Survival instinct—fight or flight—took over. I had nowhere to go, being trapped between the creature and the wall behind me, but even if I had I couldn’t leave Carter, lying there helpless, still passed out from his meds.

My arm holding the syringe came up. It was the only weapon I had and I slammed it, needle first, into the creature’s shoulder. My thumb automatically pressed down onto the pump, sending a full dose of whatever was in the syringe into the creature. Obviously I didn’t know what she had planned to give Carter, but I guess I was hoping maybe the jolt of the needle would at least give it pause until I could scream for help, open the door—do something.

The needle did more than give it pause.

In an instant, a ripple passed over the creature’s grey skin and Lola stood before me. Her cheeks had paled, and she clasped a hand to her shoulder, pulling the syringe out. She dropped it on the floor, covering the wound with her fingers.

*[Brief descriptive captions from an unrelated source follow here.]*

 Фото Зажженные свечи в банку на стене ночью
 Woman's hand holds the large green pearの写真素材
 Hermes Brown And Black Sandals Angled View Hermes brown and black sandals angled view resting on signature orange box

“What have you done?” she panted.

I couldn’t talk. My tongue, my throat, were frozen. I gaped at her with wide eyes. The abrupt transforming back and forth were almost too much for my brain to process.

She wavered on her feet, swayed, caught herself with a hip against the bed railing.

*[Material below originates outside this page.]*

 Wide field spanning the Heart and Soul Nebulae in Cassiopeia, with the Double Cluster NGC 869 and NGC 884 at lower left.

The jolt, the noise was enough for Carter’s eyelids to crack open. His head turned and he saw Lola. A dark look passed over his features as he bolted upright in bed.

“Wendigo,” he snarled, and then the same ripple that had passed over Lola passed over him, as well. The patient in the bed was gone and the Talos was there. The bandages burst, the IV falling from his arm as he clambered out of bed.

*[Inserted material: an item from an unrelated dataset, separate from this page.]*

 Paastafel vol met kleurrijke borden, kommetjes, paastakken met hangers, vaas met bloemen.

Lola either figured it was time to leave, or else whatever was in the syringe was having a swift, deadly effect. Maybe that, plus the emergence of the Talos, were too much for her to face, despite her shifter alter. She stumbled away from the Talos and limped towards the door, one leg dragging behind her.

Carter charged, but I threw myself in front of him, afraid of him getting into a physical altercation and ripping his stitches, worsening his wound. Afraid of him fighting with Lola. Afraid of more bodies left behind that could be tied to us.

“She’s already wounded,” I said, my hands on the Talos’ bronze chest. “I injected her with whatever she was going to inject into you. It had an immediate effect. She’s not going to get far, not without an antidote. Please, Carter, don’t fight and hurt yourself worse. We have to get out of here.”

The Talos pressed against me, like it was going to move me out of the way, but Lola had opened the door by this point. I turned my head in time to see her stumble out. The door fell shut behind her, the stench of death, the odor of decay fading with her exit.

 

 

Chapter Eleven

 

 

“We have to get out of here.”

Ellie’s words reverberated in his brain, but took a minute to sink in. The Talos’ first instinct was to move Ellie out of the way, go after the wendigo and snap her neck. Keep her from being a threat to Ellie or anyone else ever again.